▶ _Supplied information_:
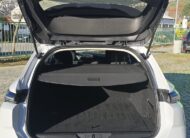 PEUGEOT 308 SW GASOLINA ANO 2024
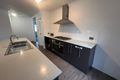 Property photo of 8 Charoite Street Australind WA 6233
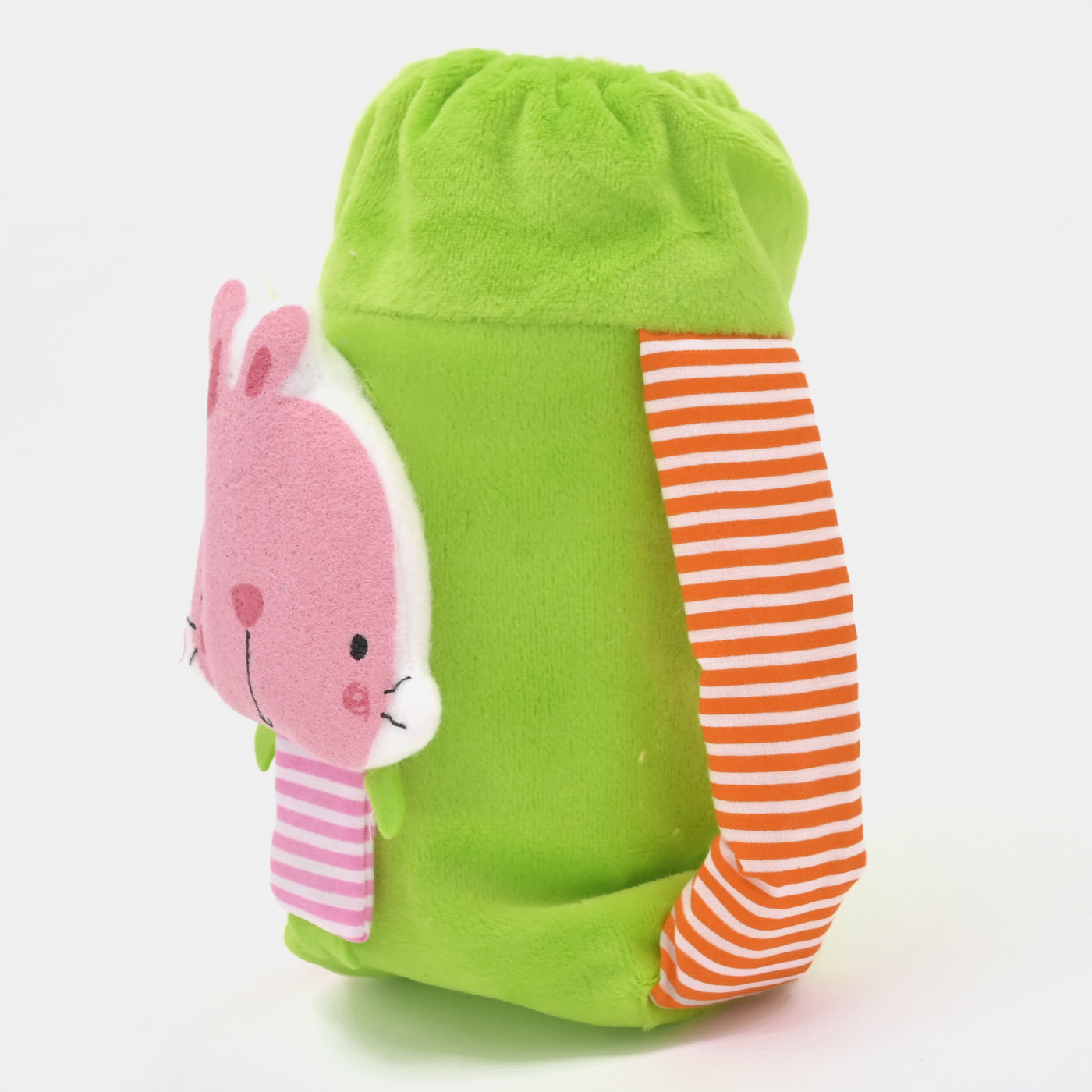 Baby Feeding Bottle Feeder Cover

▶ _What is needed_: When repeating the listing, keep each line exact and exclude the pictures.

▶ _Expected output_:
 PEUGEOT 308 SW GASOLINA ANO 2024
 Property photo of 8 Charoite Street Australind WA 6233
 Baby Feeding Bottle Feeder Cover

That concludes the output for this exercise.